Korsel Kini Krisis Penduduk, karena Anak Muda Enggan Menikah dan Punya Anak
https://www.naviri.org/2020/09/korsel-kini-krisis-penduduk-karena-anak.html
Naviri Magazine - Angka kelahiran yang terlalu rendah adalah mimpi buruk bagi setiap pemerintah. Korea Selatan kini sedang menghadapinya, dan fenomena ini didorong oleh rendahnya keinginan untuk berumah tangga.
Korsel adalah anggota Organisasi untuk Kerja Sama dan Pembangunan Ekonomi (OECD). Mengutip data OECD yang dilansir Bloomberg, di antara anggota di kawasan Asia-Pasifik, Negeri Gingseng menjadi negara dengan tingkat kelahiran paling rendah pada 2016.
Satu tahun setelahnya, menurut survei serupa versi Bank Dunia, Korsel dan Puerto Rico bersaing untuk posisi terbawah.
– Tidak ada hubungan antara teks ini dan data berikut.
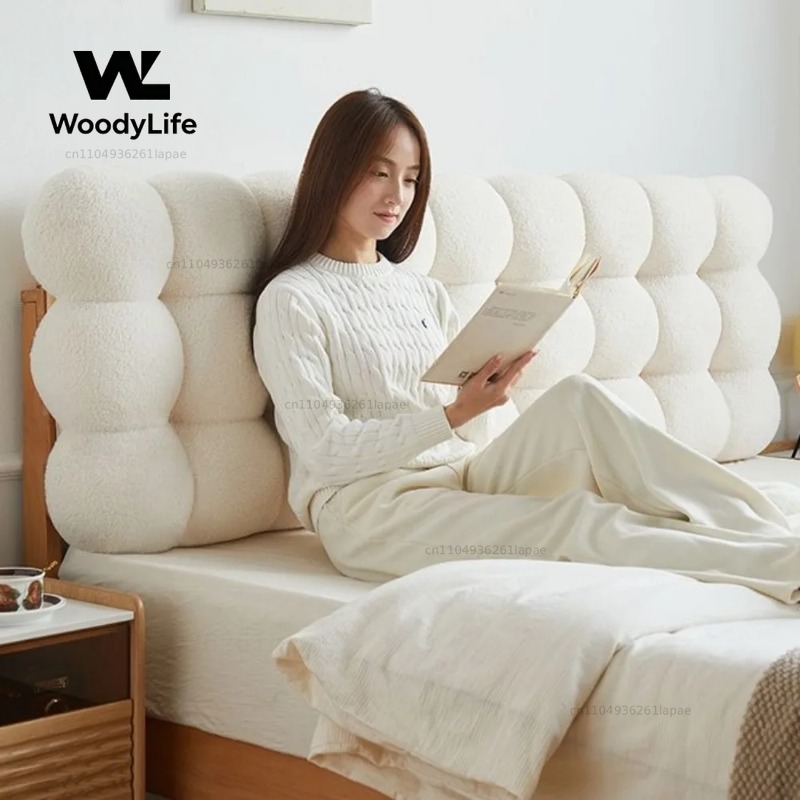 وسادة رأس السرير مريحة وسميكة، - مراجعة Headboard Cushion Backrest Tatami وسعره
Rata-rata angka kelahirannya hanya tujuh bayi per 1.000 orang.
Data lembaga statistik nasional yang dirilis pada April 2019 menunjukkan angka kelahiran di Korsel terjun bebas pada Februari 2019. Lebih tepatnya 7 persen lebih rendah dibanding tahun 2018.
Tahun ini diperkirakan jumlah orang yang meninggal di Korsel akan melebihi jumlah orang yang dilahirkan.
Angka-angka tersebut menantang asumsi umum bahwa problem kependudukan di Asia (Timur) memusat di Jepang.
Sebuah negara memerlukan sekitar 2,1 anak per perempuan untuk mempertahankan populasinya. Di Korsel, rata-rata kelahiran per perempuan hanya satu anak lebih sedikit.
Fenomena di atas muncul karena anak muda Korsel makin tidak berminat membangun rumah tangga. Gejalanya sudah muncul sejak beberapa tahun silam.
Sangyoub Park, akademisi Jurusan Sosiologi Washburn University, pernah mempublikasikan sebuah riset dalam Jurnal Context volume 14, tahun 2015. Judulnya agak puitis: A Silent Revolution in the Korean Family.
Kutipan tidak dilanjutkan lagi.